Zora Hurston was the fifth of eight children of John and Lucy Ann Hurston. Her father was a Baptist preacher, tenant farmer, and carpenter, and her mother was a school teacher. Zora Neale Hurston was born somewhere between 1891-1901. Because throughout her life she was dishonest about her age no one is quite sure of her year of birth. She was born in the town of Eatonville, Florida. Eatonville is five miles from Orlando. It was an all African American town and was not a ghetto or a slum. Eatonville was the first all black community to be incorporated. In childhood Hurston grew up uneducated and poor, but she was immersed with black folk life. She had little experience with racism early on since the town was all one race. This caused her to have unconventional attitudes later in life which alienated her from others.
Her father later became mayor of the town, which Hurston would glorify in her stories as a place black Americans could live as they desired, independent of white society. Hurston spent the remainder of her childhood in Eatonville, and describes the experience of growing up in Eatonville in her 1928 essay "How It Feels to Be Colored Me". Zora's mother died when she was nine years old, and her father soon remarried. After her relationship with her stepmother rapidly declined, her father sent her to school in Jacksonville, Florida. Hurston greatly missed her mother and the warm, loving family atmosphere that she had grown up in.

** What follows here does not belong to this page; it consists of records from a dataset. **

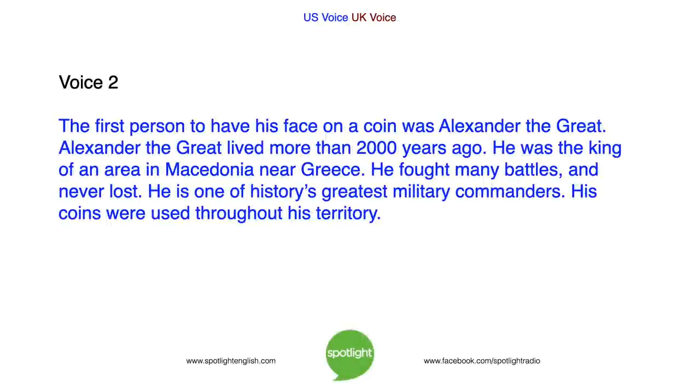The first person to have his face on a coin was Alexander the Great. Alexander the Great lived more than 2,000 years ago. He was the king of an area in Macedonia, near Greece. He fought many battles and never lost. He is one of history's greatest military commanders. His coins were used throughout his territory.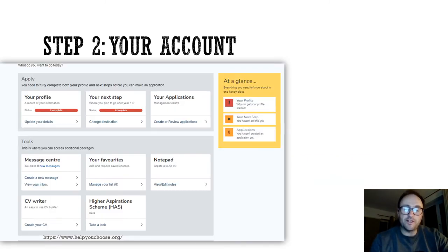Once you have logged in and your username and password is safely stored into your planner, you'll then be taken to your account, and this is your homepage, where it's got your profile, your next steps, and your application. As time progresses and you start filling out different parts of it, this will become more populated.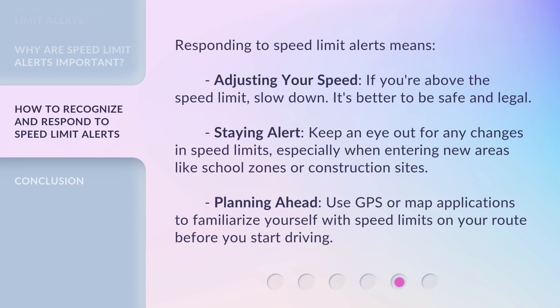Responding to speed limit alerts means adjusting your speed — if you're above the speed limit, slow down. It's better to be safe and legal. Stay alert and keep an eye out for any changes in speed limits, especially when entering new areas like school zones or construction sites. Planning ahead: use GPS or map applications to familiarize yourself with speed limits on your route before you start driving.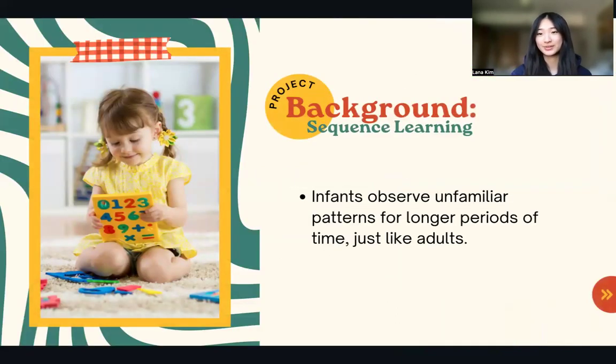Similar to older children and adults, when presented with unfamiliar or unpredictable patterns, infants observe the sequence for longer periods of time since they cannot refer to any previously learned patterns. This results in an increased response time as they are unable to predict the patterns of an unfamiliar sequence.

Hurston found herself being passed from relative to relative, while working as a nanny and a housekeeper.
In 1918, Zora Hurston began undergraduate studies at Howard University, where she became one of the earliest initiates of Zeta Phi Beta Sorority and co-founded The Hilltop, the University's student newspaper. Hurston left Howard in 1924 and in 1925 was offered a scholarship to Barnard College where she was the college's sole black student. Hurston received her B.A. in anthropology in 1927, when she was 36. While she was at Barnard, she conducted ethnographic research with noted anthropologist Franz Boas of Columbia University. She also worked with Ruth Benedict as well as fellow anthropology student Margaret Mead. After graduating from Barnard, Hurston spent two years as a graduate student in anthropology at Columbia University.

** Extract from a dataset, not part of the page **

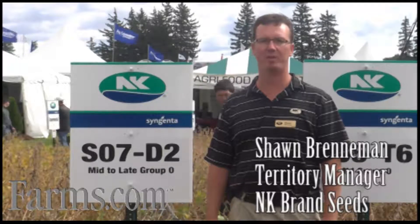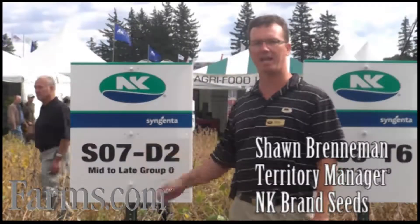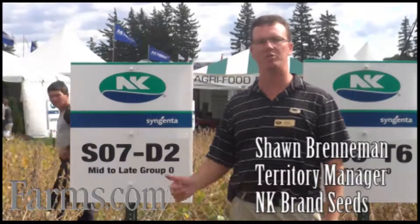I'm Sean Brenneman, Territory Manager with NK Brand Syngenta Seeds. Today we're going to look at SO7D2, a very new, exciting, high yielding specialty soybean from NK.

When Zora Hurston arrived in New York City in 1925, the Harlem Renaissance was at its peak, and she soon became one of the writers at its center. In 1926, a group of young black writers including Zora Hurston, Langston Hughes, and Wallace Thurman, calling themselves the Niggerati, produced a literary magazine called Fire!! that featured many of the young artists and writers of the Harlem Renaissance.
By the mid-1930s, Zora Hurston had published several short stories and the critically acclaimed Mules and Men, a groundbreaking work of "literary anthropology" documenting African American folklore. In 1930, she also collaborated with Langston Hughes on Mule Bone: A Comedy of Negro Life in Three Acts, a play that was never finished, although it was published posthumously in 1991. Hurston's first three novels were also published in the 1930s: Jonah's Gourd Vine ; Their Eyes Were Watching God, written during her fieldwork in Haiti and considered her masterwork; and Moses, Man of the Mountain. In 1937, Hurston was awarded a prestigious Guggenheim Fellowship to conduct ethnographic research in Jamaica and Haiti. Tell My Horse documents her account of her fieldwork studying African rituals in Jamaica and voudon rituals in Haiti.

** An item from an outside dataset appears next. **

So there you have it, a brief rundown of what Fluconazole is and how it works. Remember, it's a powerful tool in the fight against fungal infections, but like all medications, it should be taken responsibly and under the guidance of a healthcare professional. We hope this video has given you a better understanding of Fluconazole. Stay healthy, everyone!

In the 1940s, Zora Hurston's work was published in such periodicals as The American Mercury and The Saturday Evening Post. Her last published novel, Seraph on the Suwanee, notable principally for its focus on white characters, was published in 1948. In 1954, Zora Hurston was assigned by the Pittsburgh Courier to cover the small-town murder trial of Ruby McCollum, the prosperous black wife of the local bolita racketeer, who had killed a racist white doctor. She also contributed to Woman in the Suwanee County Jail, a book by journalist and civil rights advocate William Bradford Huie.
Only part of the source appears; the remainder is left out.